## What is expected:
Set down each record exactly. Omit the pictures.

## Data to examine:

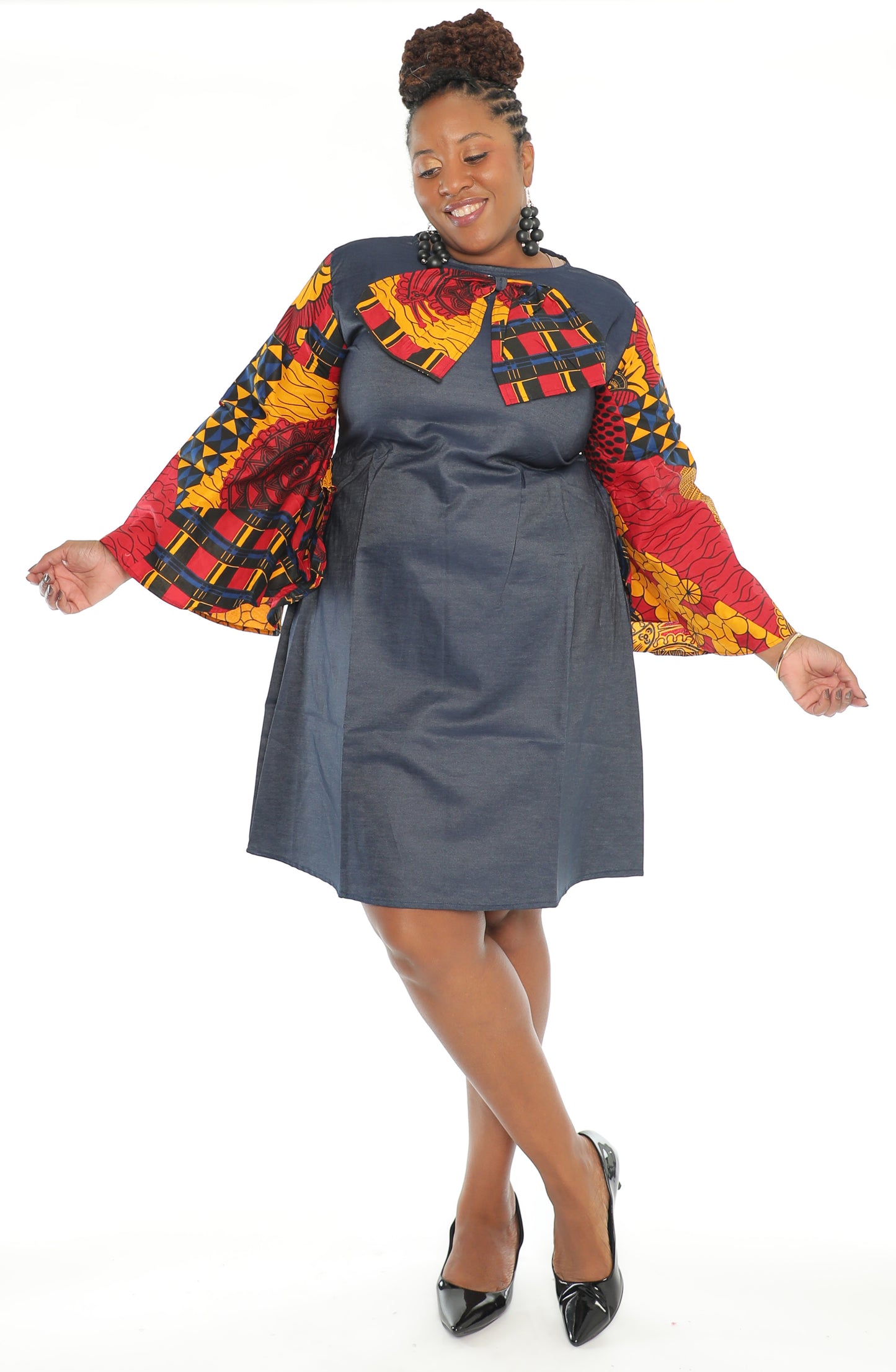 African Denim Print Detachable Bow Denim Dress Short Dress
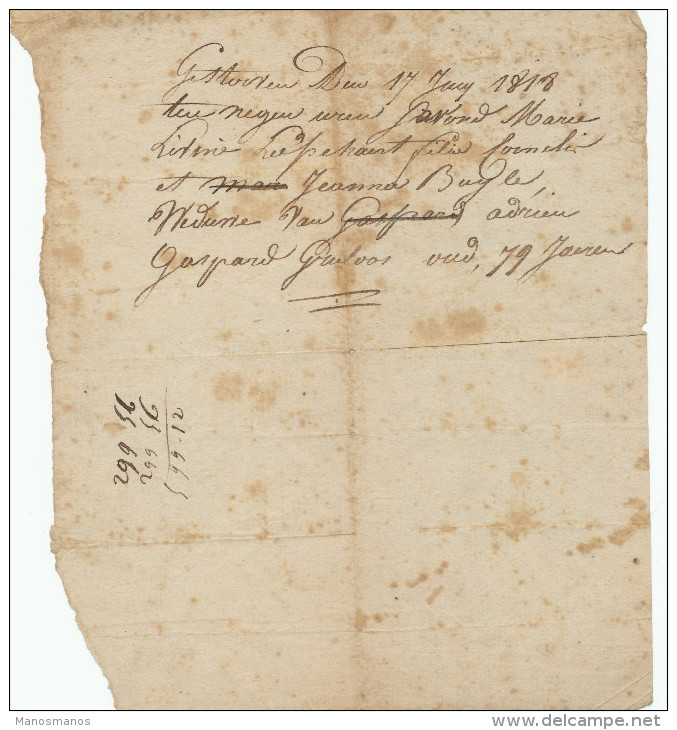 041/24 - WETTEREN 3 Documents Anciens 1733 , 1737 (1800) Et 1818 - Familles Gruloos Et Duytschaevers - 1714-1794 (Paises Bajos Austriacos)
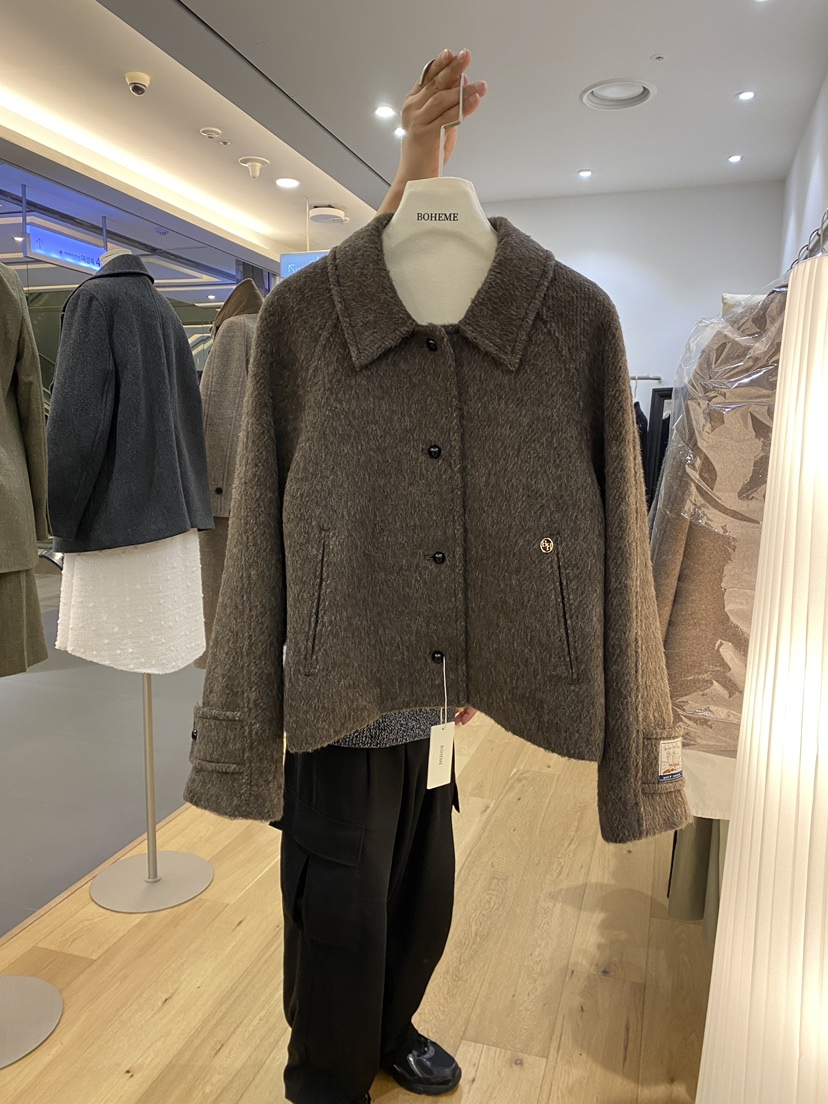 BOHEME東大門㊣直郵女士新款25秋冬職業人氣短款大衣羊駝毛BOHEME短款大衣圖色2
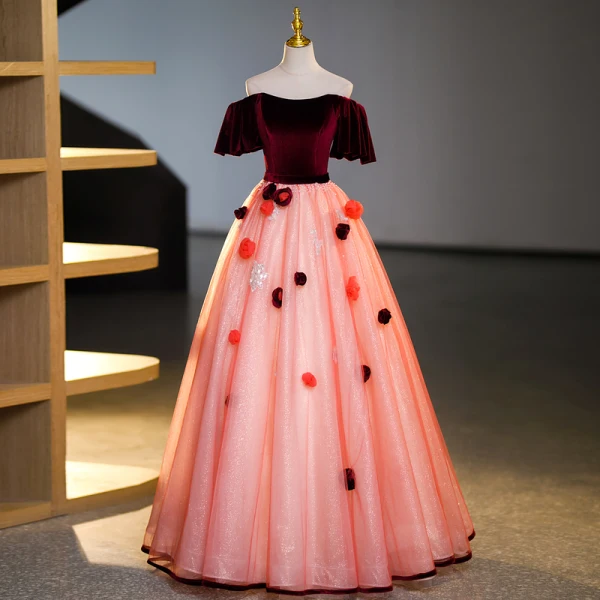 Elegant Burgundy Appliques Beading Pearl Sequins Prom Dresses 2023 Ball Gown Off-The-Shoulder Short Sleeve Backless Floor-Length / Long Prom Formal Dresses
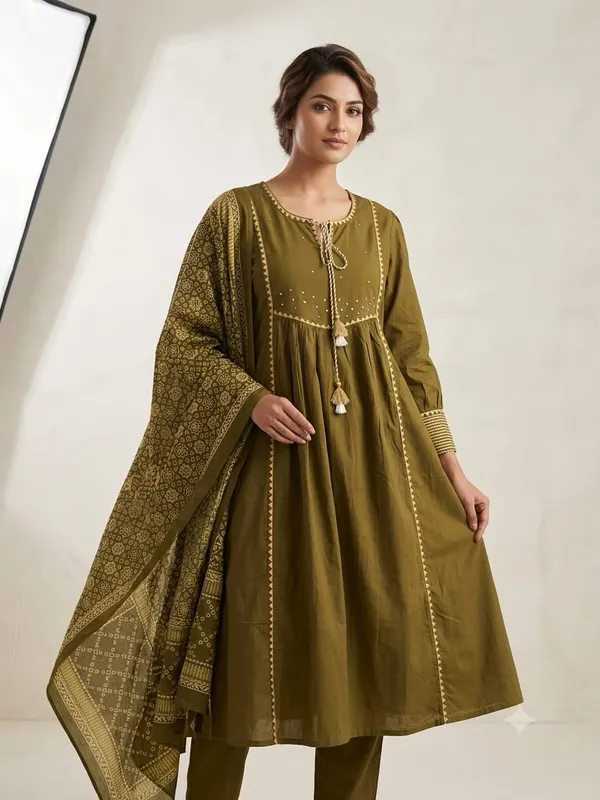 Olive_Green_Mal_Cotton_Printed_Kurta_Set_For_Women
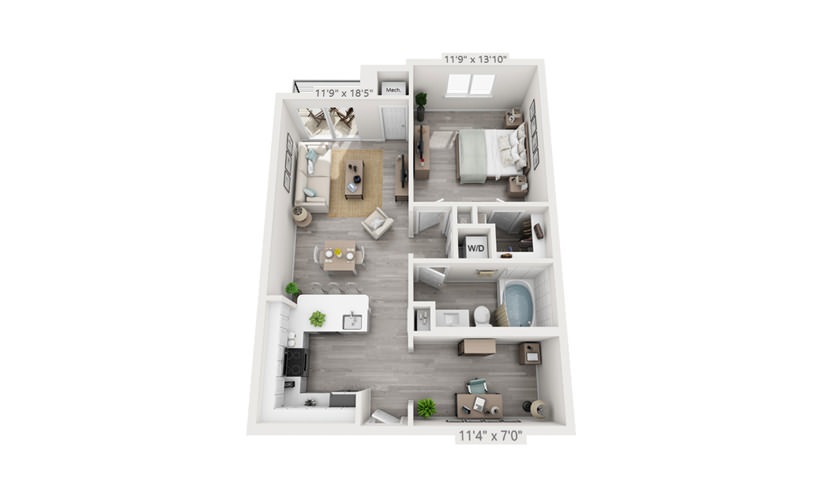 Alton with Office - 1 bedroom floorplan layout with 1 bathroom and 809 square feet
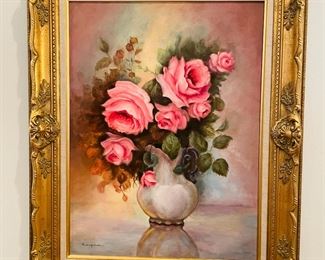 5_____$80 	
painting on canvas of roses 24x31 Dorothy Keyes TX artist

## Task result:
 African Denim Print Detachable Bow Denim Dress Short Dress
 041/24 - WETTEREN 3 Documents Anciens 1733 , 1737 (1800) Et 1818 - Familles Gruloos Et Duytschaevers - 1714-1794 (Paises Bajos Austriacos)
 BOHEME東大門㊣直郵女士新款25秋冬職業人氣短款大衣羊駝毛BOHEME短款大衣圖色2
 Elegant Burgundy Appliques Beading Pearl Sequins Prom Dresses 2023 Ball Gown Off-The-Shoulder Short Sleeve Backless Floor-Length / Long Prom Formal Dresses
 Olive_Green_Mal_Cotton_Printed_Kurta_Set_For_Women
 Alton with Office - 1 bedroom floorplan layout with 1 bathroom and 809 square feet
 5_____$80 	
painting on canvas of roses 24x31 Dorothy Keyes TX artist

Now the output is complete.